Monsieur le président, monsieur le ministre, mes chers collègues, l’adoption du projet de loi que nous examinons permettra de dispenser la France de subir quelques amendes de l’Union européenne pour cause de non-transposition dans notre droit national, dans les délais requis, de trois directives déjà anciennes.
M. le ministre l’a rappelé, et nous avons déjà eu l’occasion de le souligner, l’abondante production législative et réglementaire européenne crée un encombrement assez sérieux de notre ordre du jour parlementaire. Il me semble qu’il nous faut, en l’espèce, tirer quelques leçons de ce constat.
Le présent projet de loi tend donc à transposer trois directives distinctes.
La première directive est relative à la mise en place de systèmes – et surtout d’opérateurs – de monnaie électronique. Sa transposition tardive dans notre droit n’aura comme autre conséquence que de mettre au jour que d’autres pays vont servir de « base arrière » à ces opérateurs, en particulier le Luxembourg.

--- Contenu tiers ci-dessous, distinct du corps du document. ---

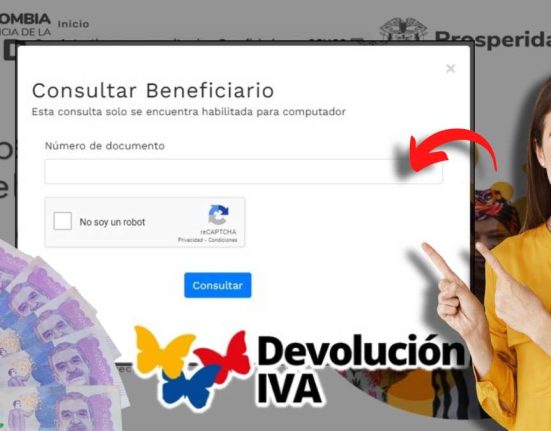 Retiro Devolución del IVA-MP Noticias, logo devolución IVA, imagen de link devolución IVA, mujer alegre señalando, flecha roja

Ce dernier est décidément toujours à la pointe du combat lorsqu’il s’agit d’innovation en matière d’ingénierie financière.

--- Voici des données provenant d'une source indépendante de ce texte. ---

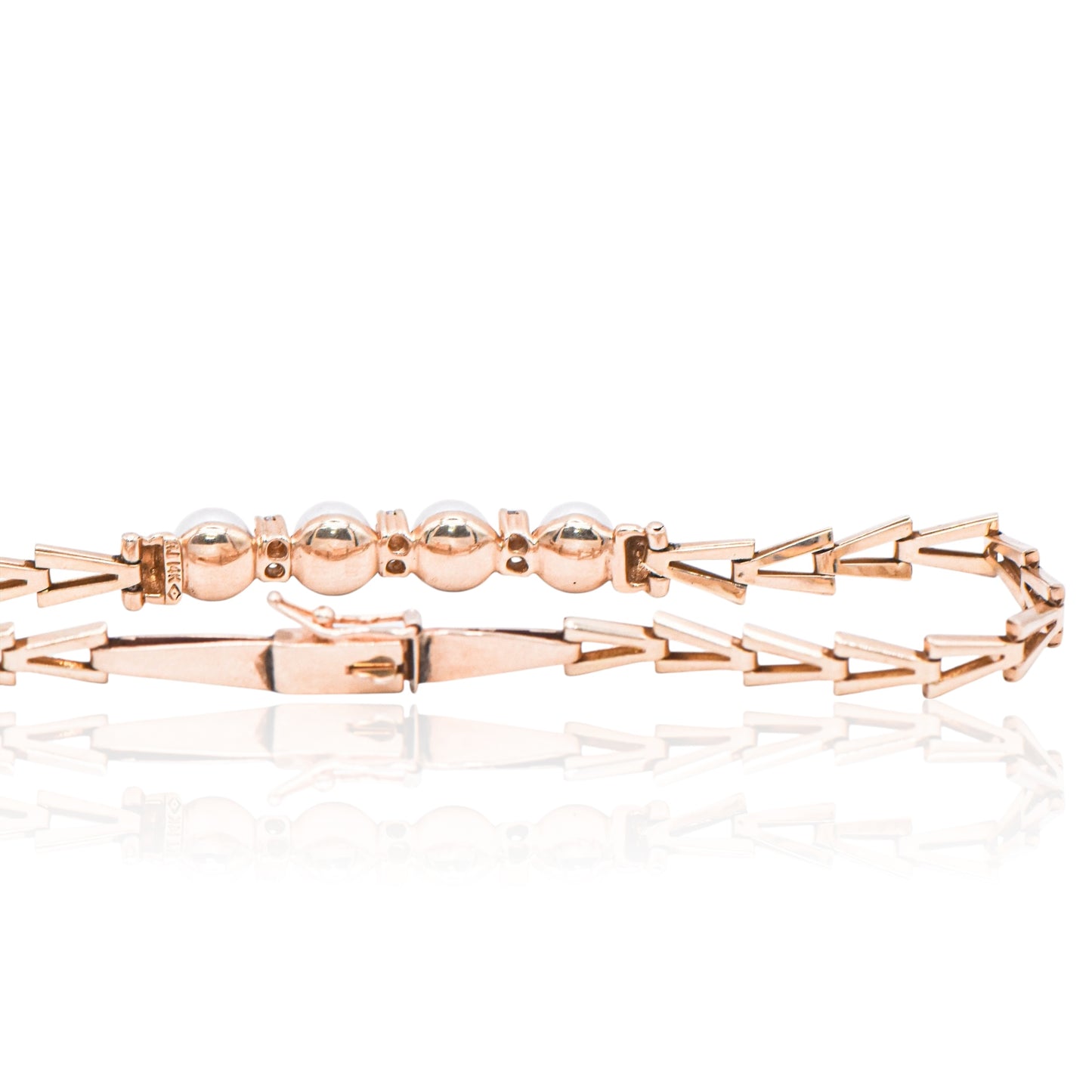 Estate Pearls and Diamond Bracelet 14K Yellow Gold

Le fait que le Grand-Duché soit ainsi privilégié par les opérateurs signifie, de manière assez évidente, que les opérateurs de monnaie électronique ont privilégié le pays le moins regardant, voire le plus accueillant en matière financière. À nos yeux, cela ne peut que renforcer la méfiance de certains consommateurs à l’égard de ce nouveau type de création monétaire.

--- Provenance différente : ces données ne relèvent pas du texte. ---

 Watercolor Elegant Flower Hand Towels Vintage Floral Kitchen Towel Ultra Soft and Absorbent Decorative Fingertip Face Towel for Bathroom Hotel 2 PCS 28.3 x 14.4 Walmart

La deuxième directive porte sur la coopération entre les autorités prudentielles en matière financière et bancaire, au cœur de la directive « Omnibus I », qui, au demeurant, est déjà quasi obsolète maintenant que la supervision des activités financières va se trouver de plus en plus dévolue à une super autorité prudentielle au niveau communautaire, dans le cadre de ce qu’on appelle l’« union bancaire ».
Pour peu que l’on ait suivi l’affaire, on a compris que le contrôle de cette union bancaire sera confié à la Banque centrale européenne. Or la clairvoyance de cet établissement a fait tant de miracles depuis l’été 2008 que l’on peut se demander si l’orientation prise est forcément la meilleure en pareille situation…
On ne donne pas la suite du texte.